Posted on CafeMom Mobile
kckmom3
by on Mar. 16, 2013 at 5:12 PM
We ate a lot of homemade beans,rice and tortillas. Wasn't too bad. I don't know about that stuff from the list though..yikes!!
Posted on the NEW CafeMom Mobile
kirbymom
by Sonja on Mar. 16, 2013 at 5:15 PM

I certainly understand your sentiments.  

Quoting MrsSamMerlotte:

I don't think I could, but who knows what I woods do if my children were starving.


Quoting kirbymom:

Some people don't consider that to be too dirty to eat. What is good for one may not be good for another. You know? :) 

Quoting MrsSamMerlotte:

Road kill as in..... Road kill?




  

undefined

bluerooffarm
by Gold Member on Mar. 16, 2013 at 5:17 PM

 I've eaten a lot of these too.  We had other names for some of them... One eyed Willie, we called toad in the hole (my boys LOVE that).  Beans and wienies.  Rag soup we made with the bow tie noodles and called it butterflies in the field.  We put "stewed" (canned) tomatoes on anything...potatoes, bread cubes, grits, noodles.

My boys like most of these recipes.

Kenre
by on Mar. 16, 2013 at 5:20 PM
Grew up on mayo sandwiches.

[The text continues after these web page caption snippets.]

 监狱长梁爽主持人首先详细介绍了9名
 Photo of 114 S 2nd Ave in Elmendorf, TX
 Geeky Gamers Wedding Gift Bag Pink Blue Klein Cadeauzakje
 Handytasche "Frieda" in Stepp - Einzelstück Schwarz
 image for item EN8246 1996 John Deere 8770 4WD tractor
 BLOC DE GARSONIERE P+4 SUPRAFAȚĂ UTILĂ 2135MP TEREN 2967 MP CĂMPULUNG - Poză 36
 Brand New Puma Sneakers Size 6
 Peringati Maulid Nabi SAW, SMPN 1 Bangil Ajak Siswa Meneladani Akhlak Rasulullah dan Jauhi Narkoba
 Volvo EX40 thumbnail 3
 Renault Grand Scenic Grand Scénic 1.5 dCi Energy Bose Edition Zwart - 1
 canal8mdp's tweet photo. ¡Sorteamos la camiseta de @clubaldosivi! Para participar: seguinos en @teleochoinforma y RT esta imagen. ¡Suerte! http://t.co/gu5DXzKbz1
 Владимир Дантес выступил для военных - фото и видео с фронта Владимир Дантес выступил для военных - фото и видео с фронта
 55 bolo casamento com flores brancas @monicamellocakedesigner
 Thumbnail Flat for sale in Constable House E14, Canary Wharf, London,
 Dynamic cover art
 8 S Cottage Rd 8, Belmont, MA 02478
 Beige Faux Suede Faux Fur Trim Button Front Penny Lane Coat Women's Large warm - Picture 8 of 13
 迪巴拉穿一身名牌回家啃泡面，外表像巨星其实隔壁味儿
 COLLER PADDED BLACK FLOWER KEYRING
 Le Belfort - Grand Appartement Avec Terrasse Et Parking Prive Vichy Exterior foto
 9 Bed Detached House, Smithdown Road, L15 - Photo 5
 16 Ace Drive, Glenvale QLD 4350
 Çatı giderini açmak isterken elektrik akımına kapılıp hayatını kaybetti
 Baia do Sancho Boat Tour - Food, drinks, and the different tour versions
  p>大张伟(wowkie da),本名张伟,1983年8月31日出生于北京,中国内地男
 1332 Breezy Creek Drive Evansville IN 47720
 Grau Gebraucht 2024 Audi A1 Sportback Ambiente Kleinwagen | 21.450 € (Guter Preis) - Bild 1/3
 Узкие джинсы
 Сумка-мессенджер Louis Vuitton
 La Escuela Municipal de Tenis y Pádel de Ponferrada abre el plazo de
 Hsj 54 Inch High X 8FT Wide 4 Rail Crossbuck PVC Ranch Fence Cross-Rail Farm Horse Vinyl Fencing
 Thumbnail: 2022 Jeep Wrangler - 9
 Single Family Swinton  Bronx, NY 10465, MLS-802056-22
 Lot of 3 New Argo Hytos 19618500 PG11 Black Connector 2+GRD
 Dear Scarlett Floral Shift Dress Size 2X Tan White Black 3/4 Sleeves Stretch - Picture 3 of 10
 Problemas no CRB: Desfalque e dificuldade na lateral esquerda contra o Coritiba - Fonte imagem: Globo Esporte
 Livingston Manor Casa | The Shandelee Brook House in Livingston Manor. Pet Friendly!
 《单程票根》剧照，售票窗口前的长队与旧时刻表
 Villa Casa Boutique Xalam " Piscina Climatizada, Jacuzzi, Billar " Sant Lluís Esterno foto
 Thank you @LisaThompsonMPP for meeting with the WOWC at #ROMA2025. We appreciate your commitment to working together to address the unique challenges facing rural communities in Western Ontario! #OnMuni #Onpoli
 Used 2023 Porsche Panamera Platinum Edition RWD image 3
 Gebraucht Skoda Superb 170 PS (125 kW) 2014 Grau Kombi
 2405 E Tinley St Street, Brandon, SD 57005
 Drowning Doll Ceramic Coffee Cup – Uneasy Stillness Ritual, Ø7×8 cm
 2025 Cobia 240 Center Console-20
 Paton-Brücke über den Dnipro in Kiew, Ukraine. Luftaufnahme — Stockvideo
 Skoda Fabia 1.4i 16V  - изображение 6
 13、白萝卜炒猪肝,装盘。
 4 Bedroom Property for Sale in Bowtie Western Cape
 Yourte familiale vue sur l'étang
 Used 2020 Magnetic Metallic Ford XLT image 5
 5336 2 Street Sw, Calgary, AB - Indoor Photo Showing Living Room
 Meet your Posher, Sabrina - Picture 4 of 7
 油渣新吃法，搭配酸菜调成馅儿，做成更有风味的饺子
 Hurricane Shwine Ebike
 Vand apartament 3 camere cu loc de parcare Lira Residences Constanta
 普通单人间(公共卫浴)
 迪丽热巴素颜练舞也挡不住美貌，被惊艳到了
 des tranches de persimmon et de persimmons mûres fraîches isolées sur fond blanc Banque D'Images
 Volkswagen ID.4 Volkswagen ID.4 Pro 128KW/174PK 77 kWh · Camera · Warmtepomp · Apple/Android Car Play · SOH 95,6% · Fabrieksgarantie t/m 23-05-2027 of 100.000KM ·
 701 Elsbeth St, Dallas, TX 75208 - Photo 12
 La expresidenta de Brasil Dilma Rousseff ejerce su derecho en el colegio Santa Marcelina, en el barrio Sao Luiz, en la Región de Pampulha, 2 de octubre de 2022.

We eat very frugal here at my place. A lot of tomato dishes since we grow our own tomatoes and can them.
Posted on CafeMom Mobile
bluerooffarm
by Gold Member on Mar. 16, 2013 at 5:24 PM

 Where is the coffee soup?  Yummy!

And dad made something called pot pie, which was some kind of biscuit steamed over ham soup.  And we used to cut the "warts" off of these big squash and fry them.  Then the squash could keep growing and we could eat more the next day.